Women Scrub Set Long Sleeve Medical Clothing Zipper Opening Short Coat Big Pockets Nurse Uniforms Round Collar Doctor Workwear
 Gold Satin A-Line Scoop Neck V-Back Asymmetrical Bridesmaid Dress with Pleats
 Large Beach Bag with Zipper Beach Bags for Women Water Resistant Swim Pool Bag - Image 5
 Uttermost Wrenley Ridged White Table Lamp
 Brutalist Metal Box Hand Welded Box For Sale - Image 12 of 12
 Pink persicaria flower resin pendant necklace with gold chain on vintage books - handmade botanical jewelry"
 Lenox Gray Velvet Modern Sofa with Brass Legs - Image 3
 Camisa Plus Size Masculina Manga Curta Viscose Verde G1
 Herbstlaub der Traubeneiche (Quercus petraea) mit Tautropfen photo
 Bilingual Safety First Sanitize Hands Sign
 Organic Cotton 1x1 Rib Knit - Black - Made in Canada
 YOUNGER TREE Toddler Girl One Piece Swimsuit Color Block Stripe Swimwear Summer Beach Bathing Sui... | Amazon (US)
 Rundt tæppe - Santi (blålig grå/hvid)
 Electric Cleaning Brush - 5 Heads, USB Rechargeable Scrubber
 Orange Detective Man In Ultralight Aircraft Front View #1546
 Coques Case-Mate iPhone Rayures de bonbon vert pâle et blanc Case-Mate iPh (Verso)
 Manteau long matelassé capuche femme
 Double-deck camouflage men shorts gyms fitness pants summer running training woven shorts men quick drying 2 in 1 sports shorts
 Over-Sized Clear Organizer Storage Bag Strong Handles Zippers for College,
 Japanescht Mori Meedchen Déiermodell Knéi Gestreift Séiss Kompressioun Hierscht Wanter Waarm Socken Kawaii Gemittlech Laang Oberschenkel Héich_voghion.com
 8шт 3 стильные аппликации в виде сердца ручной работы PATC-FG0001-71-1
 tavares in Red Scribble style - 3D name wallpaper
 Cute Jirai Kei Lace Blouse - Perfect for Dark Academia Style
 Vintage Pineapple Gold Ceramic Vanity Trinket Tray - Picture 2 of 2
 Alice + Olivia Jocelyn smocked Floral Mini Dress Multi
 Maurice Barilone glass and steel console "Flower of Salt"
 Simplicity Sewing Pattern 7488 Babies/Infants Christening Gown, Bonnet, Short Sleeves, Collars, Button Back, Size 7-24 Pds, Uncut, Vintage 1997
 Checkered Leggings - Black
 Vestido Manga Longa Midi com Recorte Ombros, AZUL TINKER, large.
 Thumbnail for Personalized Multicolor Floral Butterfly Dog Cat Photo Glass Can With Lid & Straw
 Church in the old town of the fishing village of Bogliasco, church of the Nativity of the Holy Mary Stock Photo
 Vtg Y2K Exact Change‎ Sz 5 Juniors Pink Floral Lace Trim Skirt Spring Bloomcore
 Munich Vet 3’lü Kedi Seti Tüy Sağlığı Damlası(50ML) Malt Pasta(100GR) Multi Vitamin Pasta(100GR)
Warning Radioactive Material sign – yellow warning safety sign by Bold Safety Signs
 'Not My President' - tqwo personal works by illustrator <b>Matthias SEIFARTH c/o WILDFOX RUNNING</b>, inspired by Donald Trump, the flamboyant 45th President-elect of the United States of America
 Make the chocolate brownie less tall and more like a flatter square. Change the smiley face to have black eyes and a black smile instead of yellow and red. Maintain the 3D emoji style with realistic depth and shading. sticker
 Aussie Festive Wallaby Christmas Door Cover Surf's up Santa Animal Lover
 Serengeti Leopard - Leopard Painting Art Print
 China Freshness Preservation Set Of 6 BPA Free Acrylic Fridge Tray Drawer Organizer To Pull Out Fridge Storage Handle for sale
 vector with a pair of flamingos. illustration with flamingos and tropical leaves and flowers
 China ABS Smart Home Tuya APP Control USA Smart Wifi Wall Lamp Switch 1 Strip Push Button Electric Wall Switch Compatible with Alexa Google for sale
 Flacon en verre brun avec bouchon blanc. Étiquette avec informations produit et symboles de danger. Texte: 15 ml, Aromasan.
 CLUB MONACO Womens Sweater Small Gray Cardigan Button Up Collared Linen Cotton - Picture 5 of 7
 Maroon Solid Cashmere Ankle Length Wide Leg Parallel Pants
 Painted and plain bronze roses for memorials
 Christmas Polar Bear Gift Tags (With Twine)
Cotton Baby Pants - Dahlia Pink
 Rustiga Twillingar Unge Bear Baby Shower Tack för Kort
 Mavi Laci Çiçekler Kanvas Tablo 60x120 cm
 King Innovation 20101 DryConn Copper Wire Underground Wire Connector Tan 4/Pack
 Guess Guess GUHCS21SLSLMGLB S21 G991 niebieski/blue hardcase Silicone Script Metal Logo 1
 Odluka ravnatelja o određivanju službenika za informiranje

The task: The response must hold only the lines above from the line with "Thumbnail for Personalized" through the line with "States of America", each copied exactly, both ends kept.

Worked solution:
 Thumbnail for Personalized Multicolor Floral Butterfly Dog Cat Photo Glass Can With Lid & Straw
 Church in the old town of the fishing village of Bogliasco, church of the Nativity of the Holy Mary Stock Photo
 Vtg Y2K Exact Change‎ Sz 5 Juniors Pink Floral Lace Trim Skirt Spring Bloomcore
 Munich Vet 3’lü Kedi Seti Tüy Sağlığı Damlası(50ML) Malt Pasta(100GR) Multi Vitamin Pasta(100GR)
Warning Radioactive Material sign – yellow warning safety sign by Bold Safety Signs
 'Not My President' - tqwo personal works by illustrator <b>Matthias SEIFARTH c/o WILDFOX RUNNING</b>, inspired by Donald Trump, the flamboyant 45th President-elect of the United States of America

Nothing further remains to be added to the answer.